Seven months after hitting the market for $58 million, the historic, 119-acre Grand View River Ranch has a buyer, according to a press release. Agents David A. NeVille and Shawn M. Asbell with Keller Williams Jackson Hole had the listing. They declined to comment on the final closing price, the buyer’s identity and the buyer’s plans for the property.
“The seller was mindful to pursue a buyer that would thoughtfully steward the legacy ranch,” a spokesperson said in an email.
The ranch’s history belongs in the annals of great Western stories. Formerly known as the Gros Ventre River Ranch, it straddles the Gros Ventre River and has 24 buildings, including a ranch lodge, homes, guest cabins and barns, the release shows.
In the early 20th century, John D. Rockefeller tried to buy the land while on a 35,000-acre shopping spree in the Tetons. The land he amassed later helped create Grand Teton National Park, but the ranch’s owners declined Rockefeller’s offer at the time.
After Wham’s big win in 1944, he ran the ranch as a hunting camp.
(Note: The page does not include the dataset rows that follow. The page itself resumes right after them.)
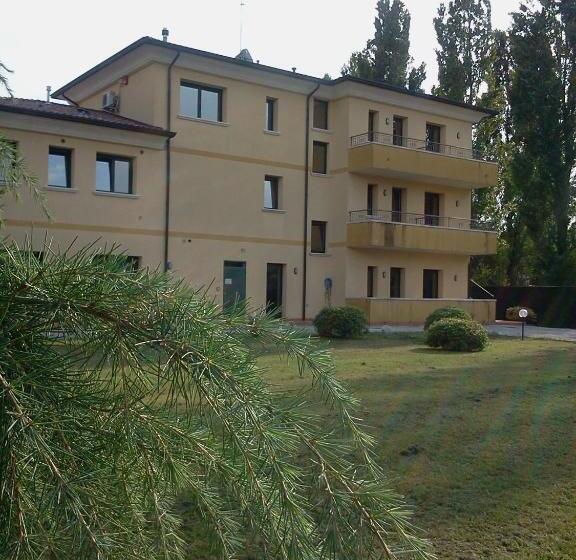 ホテル Albergo Al Portico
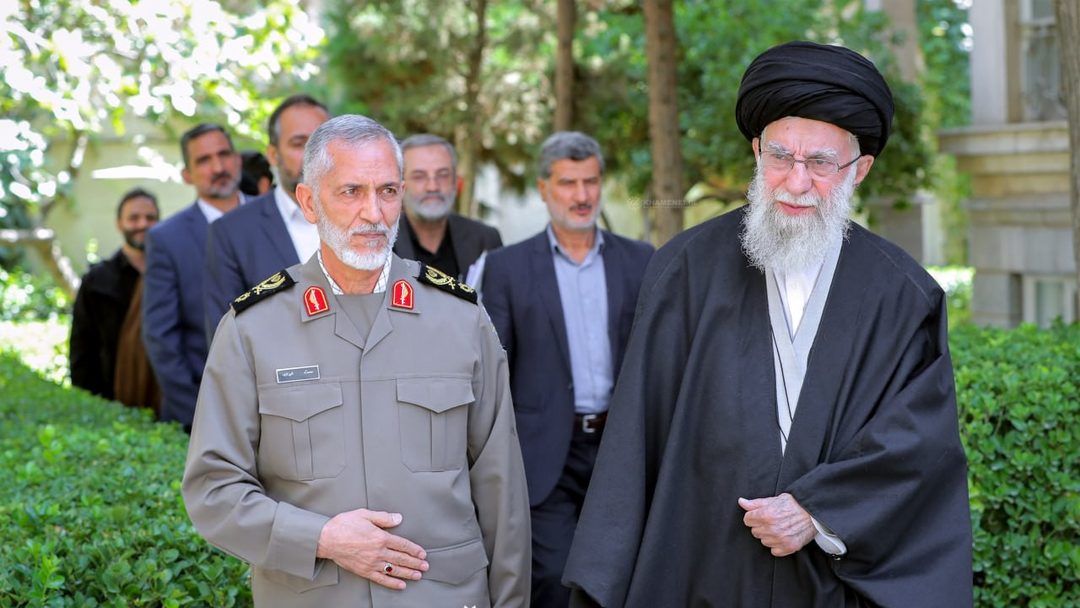 مردی که سال‌ها محرم اسرار دفتر رهبر شهید بود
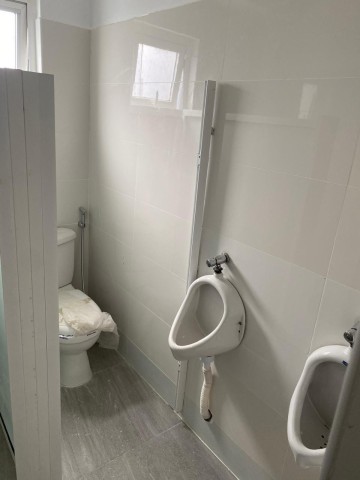 A Venda EDIFÍCIO DE ESCRITORIOS E APARTAMENTO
He later sold it to his employers, brothers Roy and Reese Chambers, who started operating it as a dude ranch. The Chambers sold it to Karl and Tina Weber in 1986 for an undisclosed sum.
Karl Weber, an inventor and founder of Uniweb and Aerochem, and Tina Weber already had some experience in the dude ranch business when they bought Gros Ventre. The couple partnered with the late real estate titan Gerald T. Halpin and his wife, Helen Halpin, on Lost Creek Ranch, another Jackson Hole cowboy escape.
Lost Creek Ranch also hit the market last year, asking $40 million for the 50-acre property. The Gottwald family bought the ranch for an undisclosed amount, according to Robb Report. The Gottwald family made their fortune in oil and gas, and today owns NewMarket. Forbes estimated their net worth at $3.1 billion in 2015.